START Available data
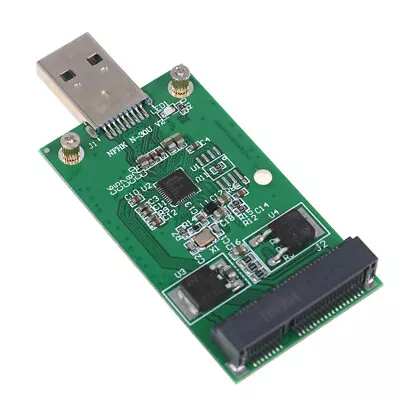 1Pc Mini USB 3.0 To PCIE MSATA External SSD PCBA Conveter Adapter Ca~gw • $5.90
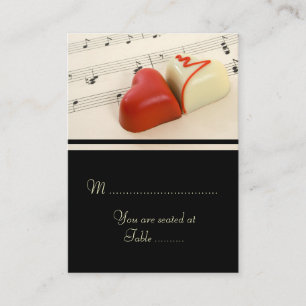 Wedding Hearts Set Platzkarte
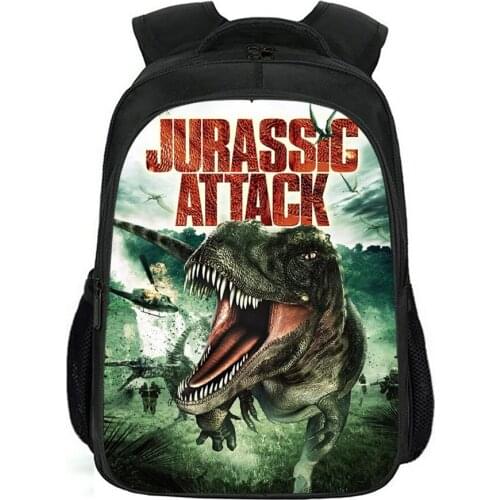 3D Dinosaur pattern Animals World Schoolbag Jurassic Dinosaur Kids Backpack Children Gift For Boys/Kids Travel BookBag Mochilas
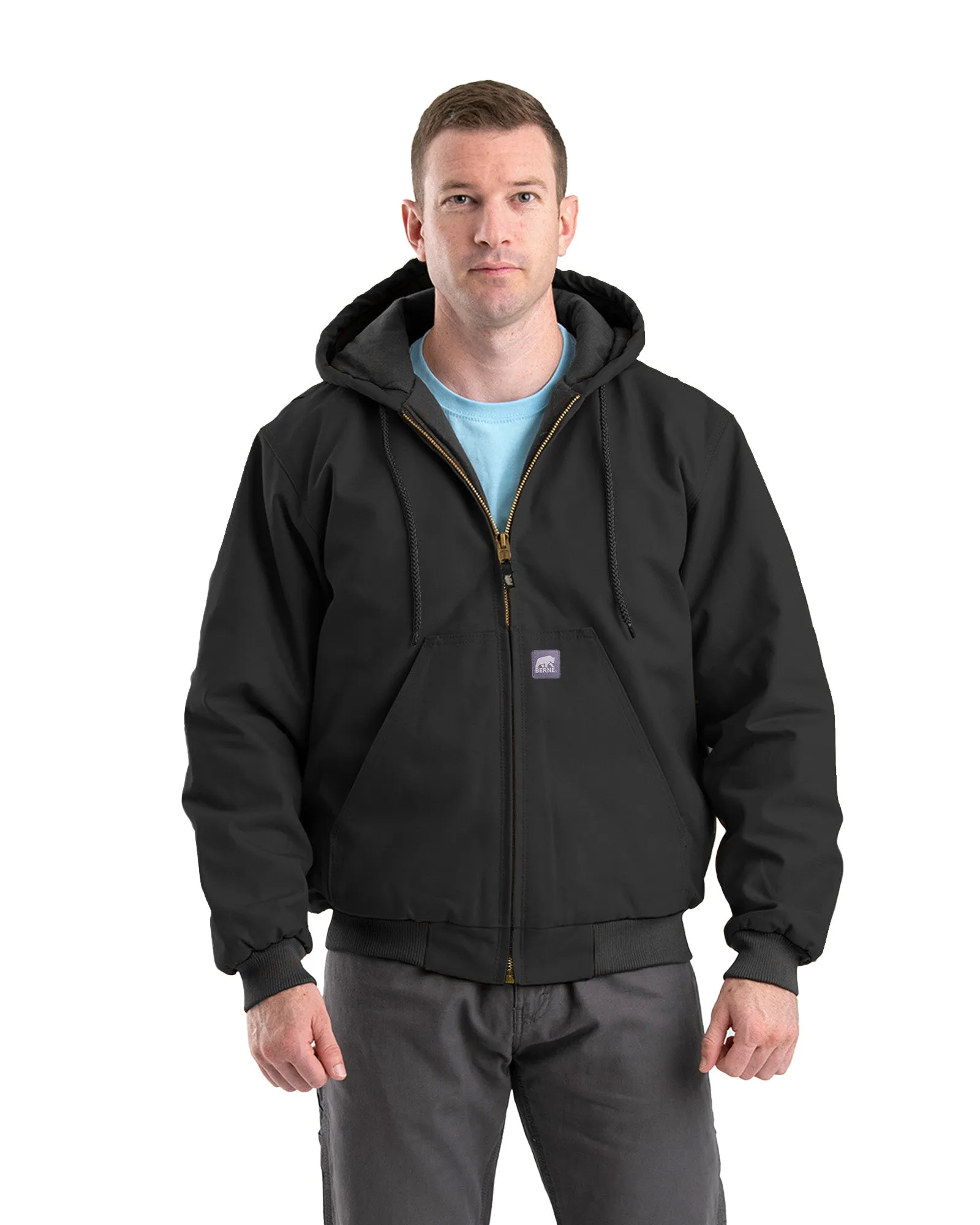 Heritage Duck Hooded Active Work Jacket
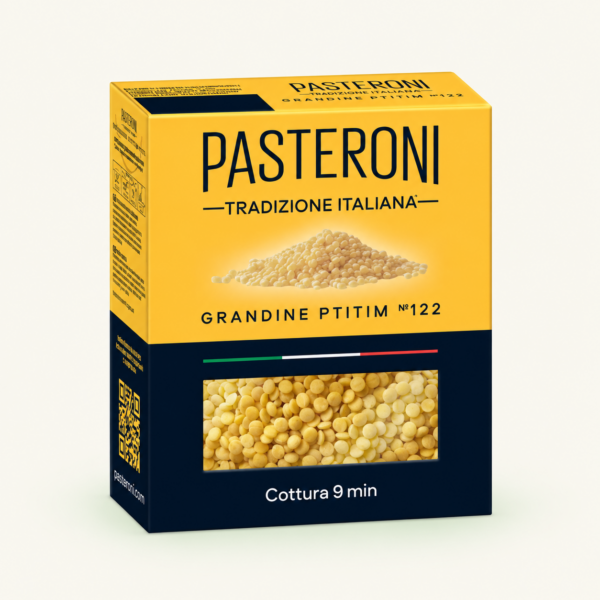 פסטה GRANDINE PTITIM Pasteroni מס׳ 122, ‏400 גרם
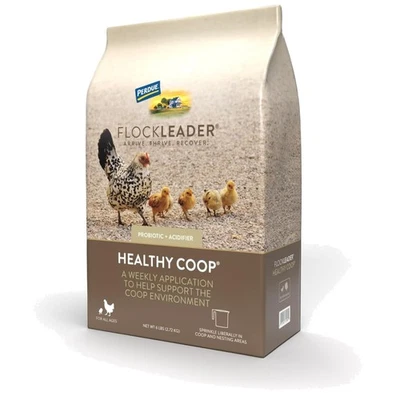 Aditivo probiótico para arena Healthy Coop para pollos 6 libras - Control de olores y seguridad Foto 1 de 4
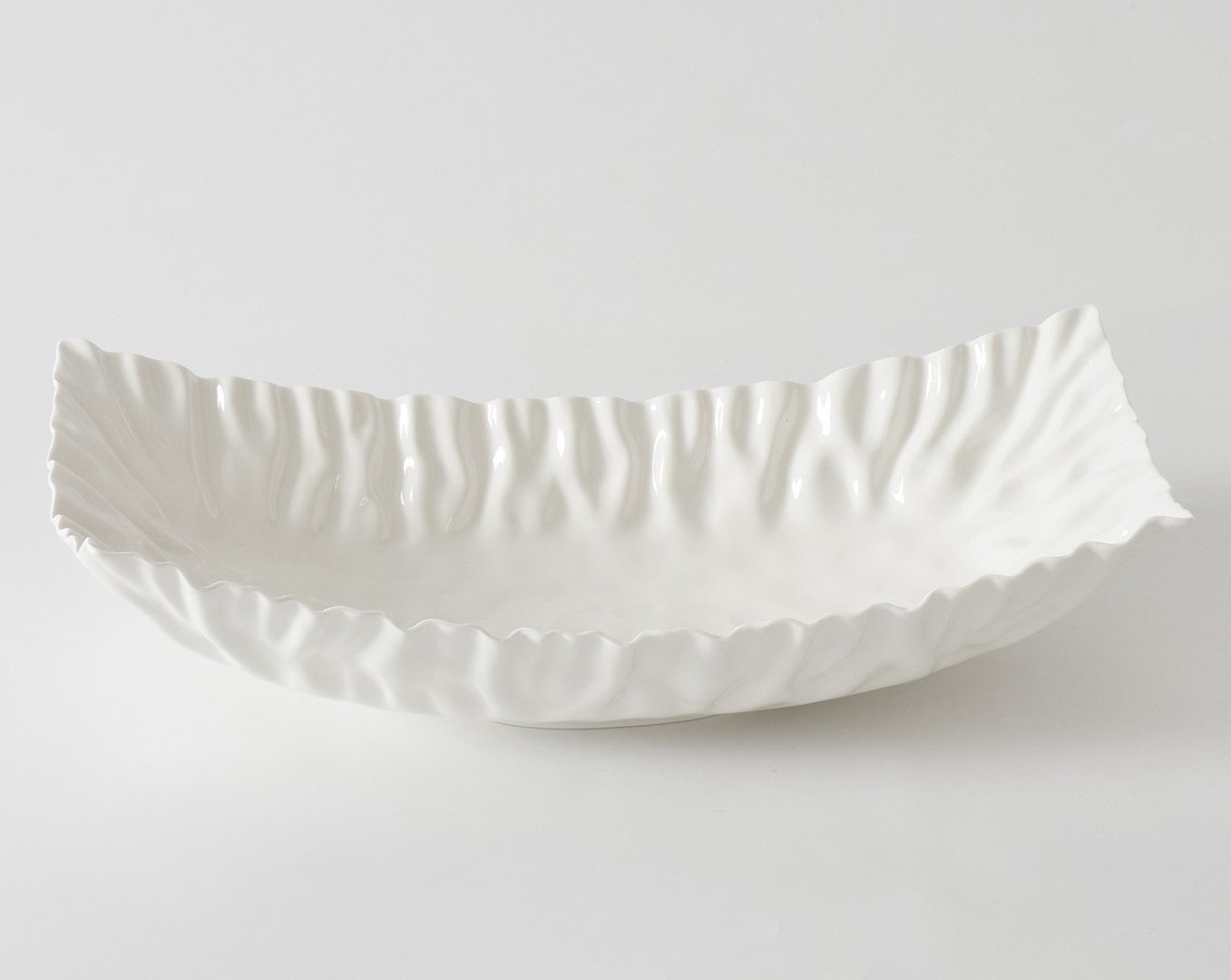 Pampa Bay Mascali Bianca Rectangular Centrepiece-Goviers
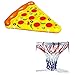 Swimline Pizza Slice Pool Float Raft w/ Floating Pool Basketball Game with Ball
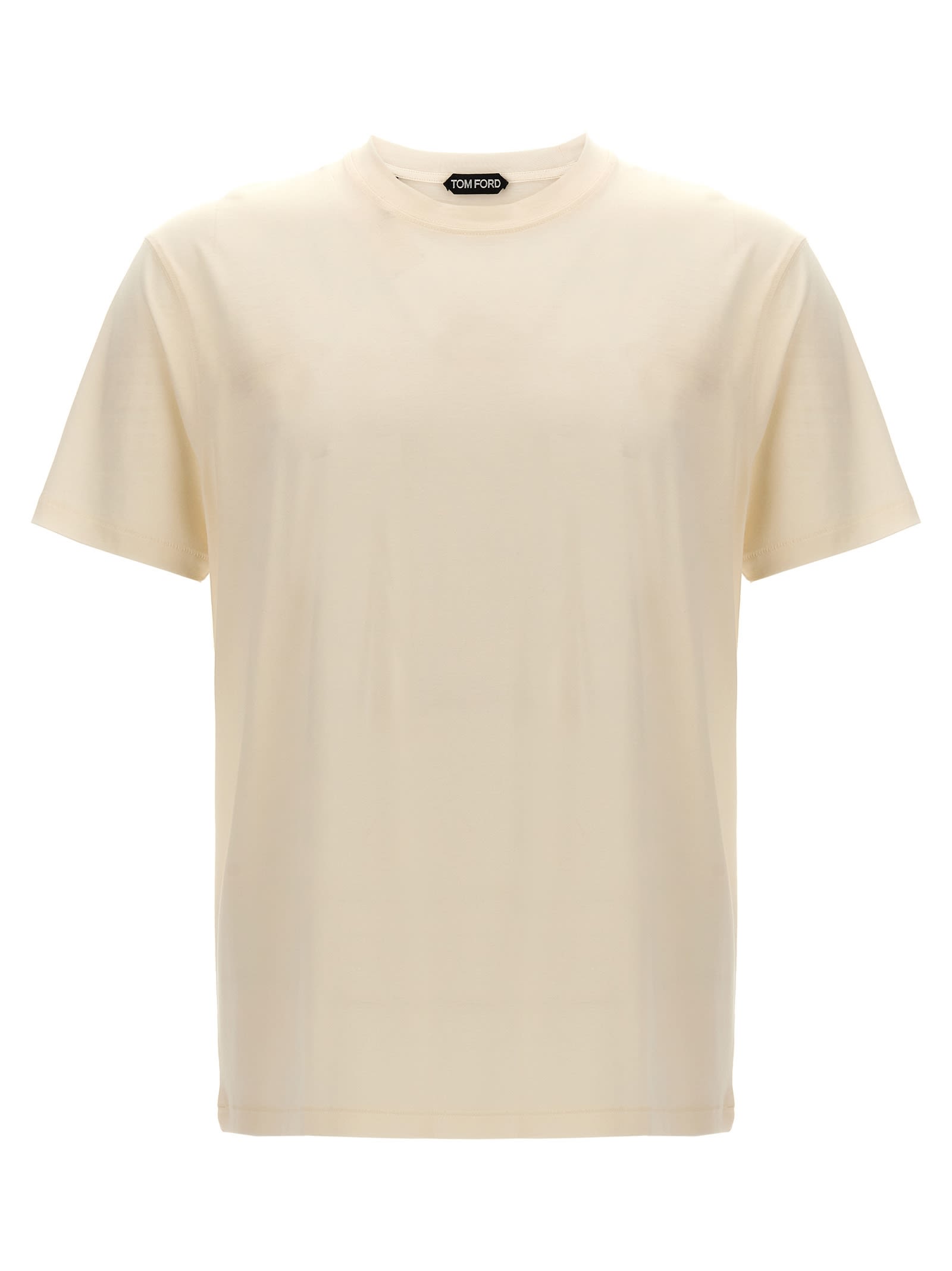 Shop Tom Ford Lyocell Blend T-shirt In White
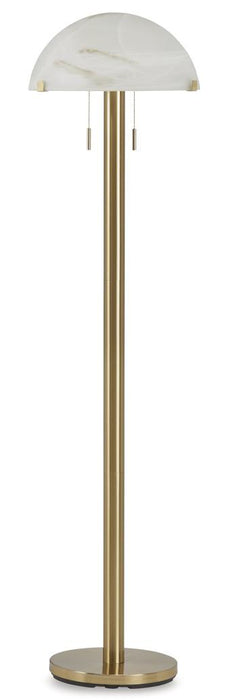 Tobbinsen Floor Lamp - Premium Floor Lamp from Ashley Furniture - Just $88.49! Shop now at Furniture Wholesale Plus  We are the best furniture store in Nashville, Hendersonville, Goodlettsville, Madison, Antioch, Mount Juliet, Lebanon, Gallatin, Springfield, Murfreesboro, Franklin, Brentwood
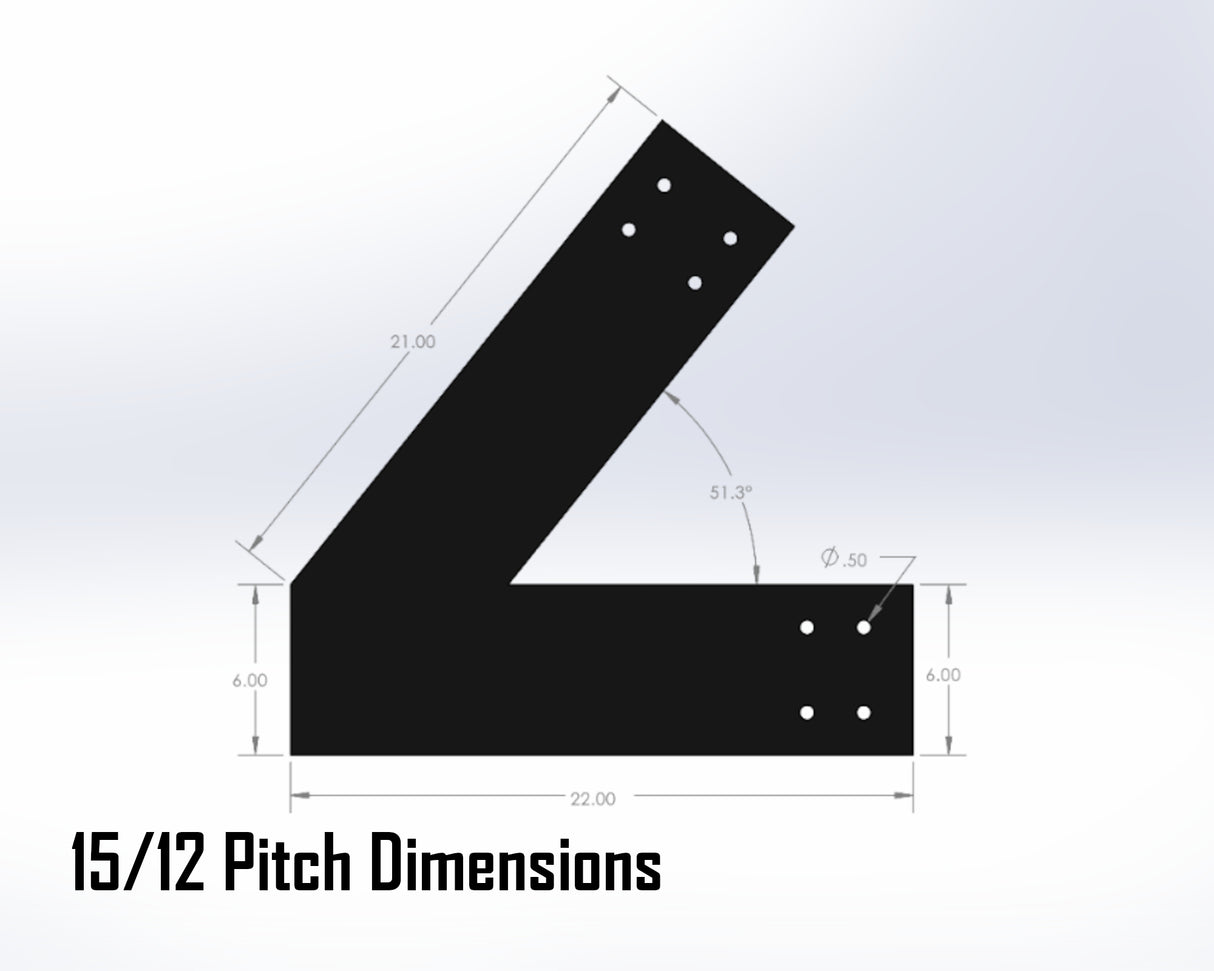 King Truss Industrial Brackets, For 8 Inch Lumber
END Available data
## Work item
Reproduce the entries exactly. Do not carry over any picture.

## Solution
 1Pc Mini USB 3.0 To PCIE MSATA External SSD PCBA Conveter Adapter Ca~gw • $5.90
 Wedding Hearts Set Platzkarte
 3D Dinosaur pattern Animals World Schoolbag Jurassic Dinosaur Kids Backpack Children Gift For Boys/Kids Travel BookBag Mochilas
 Heritage Duck Hooded Active Work Jacket
 פסטה GRANDINE PTITIM Pasteroni מס׳ 122, ‏400 גרם
 Aditivo probiótico para arena Healthy Coop para pollos 6 libras - Control de olores y seguridad Foto 1 de 4
 Pampa Bay Mascali Bianca Rectangular Centrepiece-Goviers
 Swimline Pizza Slice Pool Float Raft w/ Floating Pool Basketball Game with Ball
 Shop Tom Ford Lyocell Blend T-shirt In White
 Tobbinsen Floor Lamp - Premium Floor Lamp from Ashley Furniture - Just $88.49! Shop now at Furniture Wholesale Plus  We are the best furniture store in Nashville, Hendersonville, Goodlettsville, Madison, Antioch, Mount Juliet, Lebanon, Gallatin, Springfield, Murfreesboro, Franklin, Brentwood
 King Truss Industrial Brackets, For 8 Inch Lumber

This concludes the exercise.